Re: NFS asynchronous Vs. synchronous writes

Rick is correct. NFS v3 uses safe async writing by default, which means the client will keep a copy in local cache of any data it sends to the server until the server notifies it the data is on stable storage.

The default value of 16 biods is a good starting point. I would start there and monitor performance.

I'd also recommend tuning the 11.23 systems using the tuning guidelines in Appendix A of the KRPC guide found here:

http://docs.hp.com/en/14765/v2963139.pdf

Tunable Default Recommended
nfs_async_read_avoidance_enabled 0 1
nfs_fine_grain_fs_lock 0 2
nfs_new_lock_code 0 1
nfs_new_rnode_lock_code 0 1
nfs_wakeup_one 0 2
nfs3_new_acache 0 1


Note: I am not recommending tuning the nfs_exportfs_rwlock parameter as there has been a recent report of problems involving this tunable on NFS servers.

Regards,

Dave
mhm
Advisor

Re: NFS asynchronous Vs. synchronous writes

Many thanks to all of you guys,

I tested the the NAS share with the basic timex and dd commands as the following:

I issued the command:
timex dd if=/dev/zero of=/myshare/test bs=1024k count=10240

First time, I kept biod number on the default (16), it gave me 2m 57 seconds
Second time, I increased the biod number to 32, it gave me 2m 23s.
Third time, I increased the biod number to 63, it gave me 2m 55s.
Fourth time, I made biod=0, it gave me 5m 22s.

So, I decided to go with the second configuration. For now, am still monitoring to see if I can enhance the throughput.

I'll update you if there is any new news.

BR
Mohammad
Shailendran V Naidu
Frequent Advisor

Re: NFS asynchronous Vs. synchronous writes

Thats some research ......
biod is supposed to be the NFS client deamon, can you mount NFS shares with no biods running !? Never heard of it.

Anyone can post more details ?
Dave Olker
HPE Pro

Re: NFS asynchronous Vs. synchronous writes

Biods are an *optional* daemon for the NFS client.

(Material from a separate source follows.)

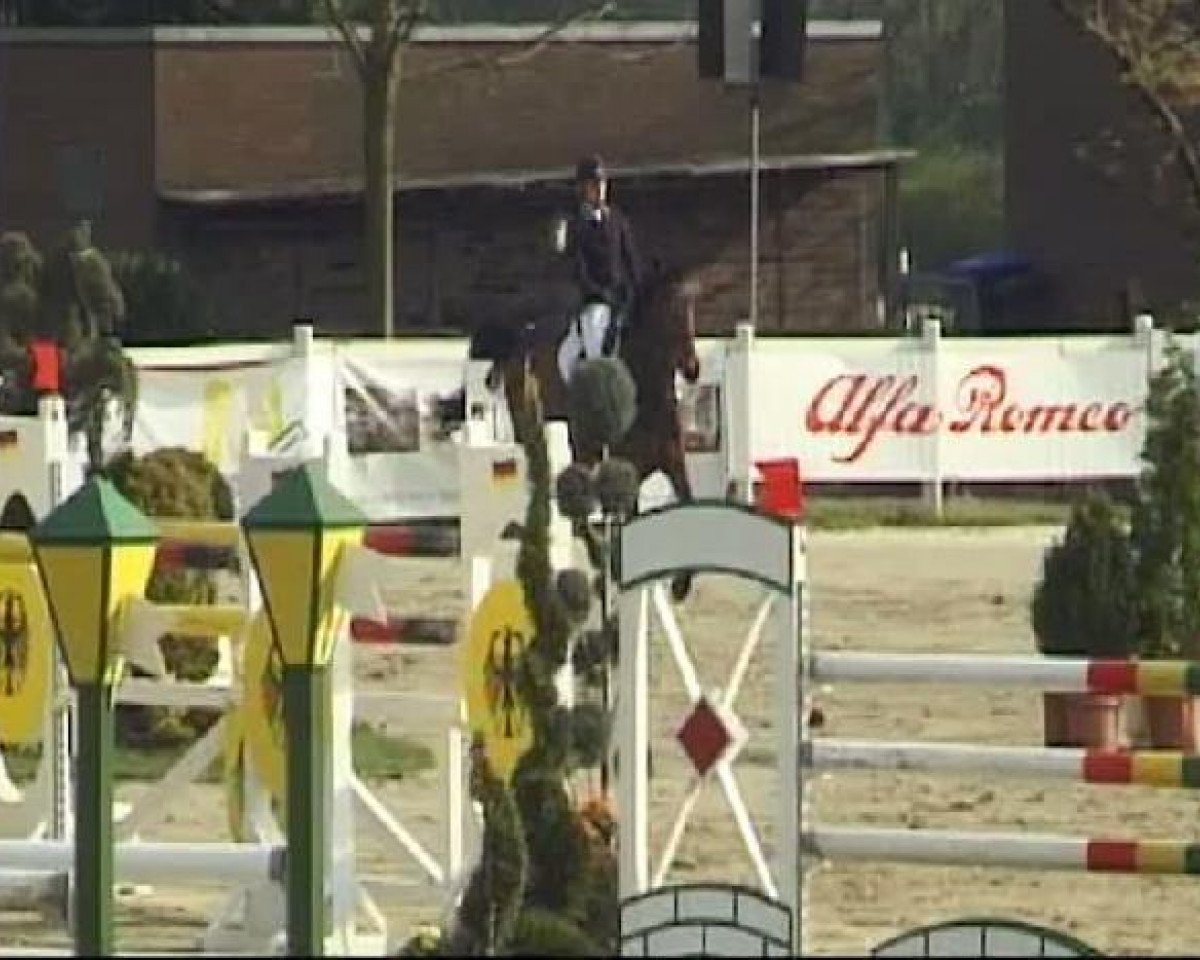 Springpferd Ziezoo (KWPN (Niederländisches Warmblut), 2004, von Sam R)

If they are running they will handle the asynchronous read and write requests on the applications' behalf. If there are no biods running then the reading or writing application will perform these over-the-wire calls in its own process context.

Try it for yourself. Kill all the biods and see if you can still access/read/write to your NFS filesystems.

In the vast majority of cases biods are helpful to application performance. There have been very few cases in the past where specific application workloads would run faster with no biods on the system. One major underlying cause was a "thundering herd" condition in the biod code that we've since identified and resolve (the fix is in the latest patches and using the kctune parameter set I described in a previous post in this thread).

Again, biods are optional, not required. Easy enough to prove by killing them. However, in nearly every situation you'll get better performance with them than without them.

All of this is specific to 11i v2 and prior, since 11i v3 doesn't use biods. :)

Let me know if you have any other questions about this.